RECORDS SHOWN >>
○ ○ ○ ○
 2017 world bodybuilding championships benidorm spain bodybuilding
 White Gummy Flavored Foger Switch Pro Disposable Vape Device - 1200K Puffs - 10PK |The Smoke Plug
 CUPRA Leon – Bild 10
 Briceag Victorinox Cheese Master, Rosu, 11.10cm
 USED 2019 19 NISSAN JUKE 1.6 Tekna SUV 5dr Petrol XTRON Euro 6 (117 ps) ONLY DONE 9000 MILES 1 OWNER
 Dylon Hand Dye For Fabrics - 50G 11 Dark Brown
○ ○ ○ ○
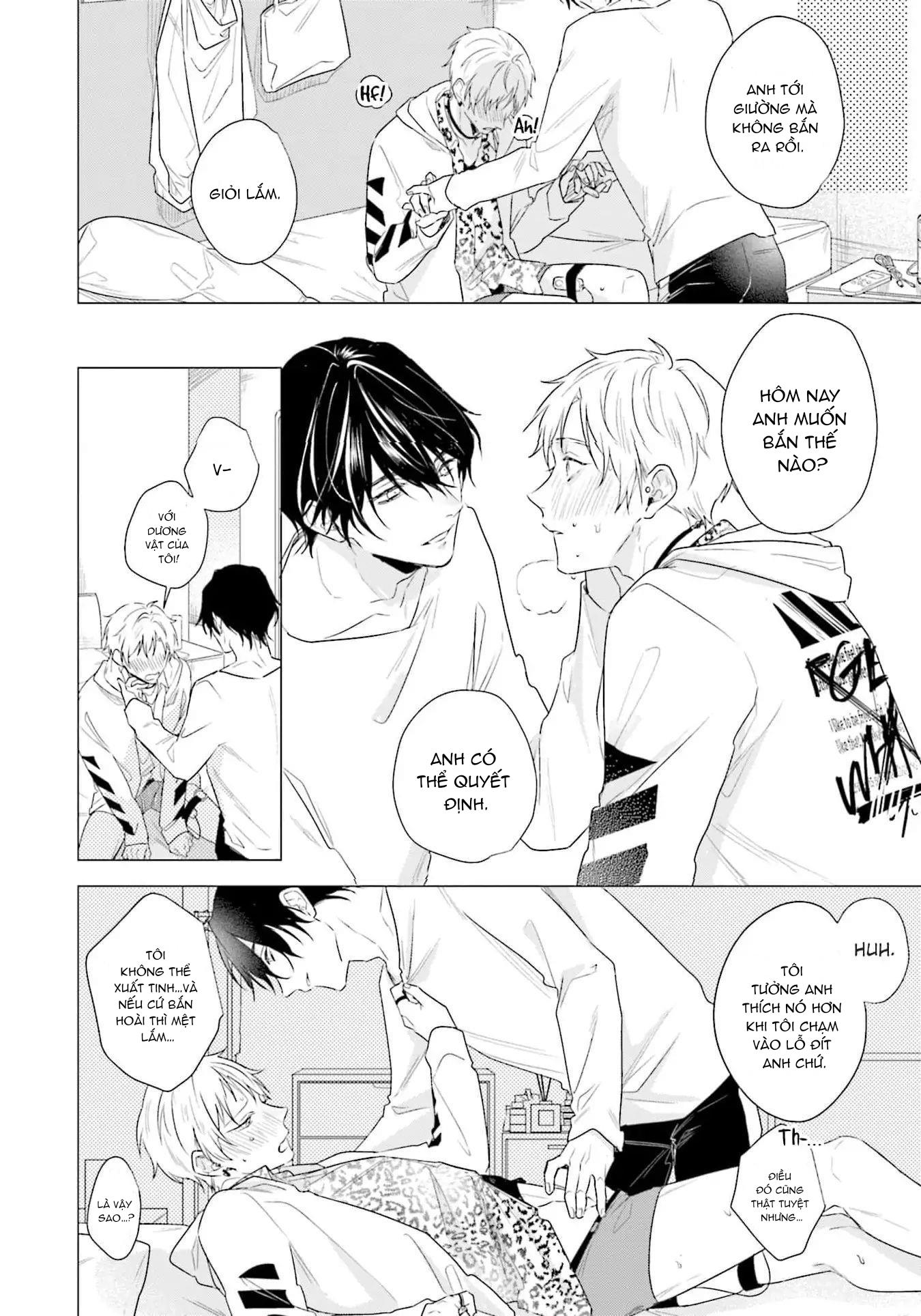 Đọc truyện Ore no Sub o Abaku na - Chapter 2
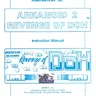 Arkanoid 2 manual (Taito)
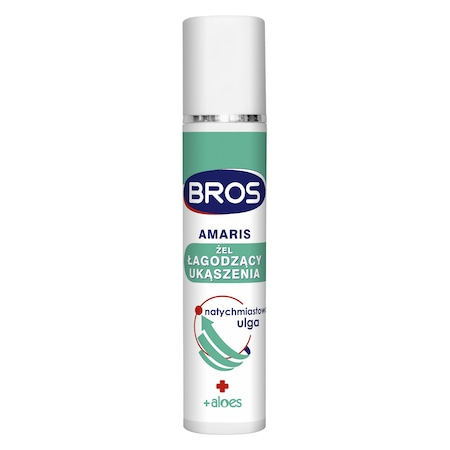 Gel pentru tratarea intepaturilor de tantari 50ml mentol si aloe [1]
○ ○ ○ ○
TASK REQUIREMENTS >>
Copy out, word for word, the part of the entries above that begins at the line with "USED 2019 19" and ends at the line with "Dylon Hand Dye", including both.

RESPONSE TO THE EXERCISE >>
 USED 2019 19 NISSAN JUKE 1.6 Tekna SUV 5dr Petrol XTRON Euro 6 (117 ps) ONLY DONE 9000 MILES 1 OWNER
 Dylon Hand Dye For Fabrics - 50G 11 Dark Brown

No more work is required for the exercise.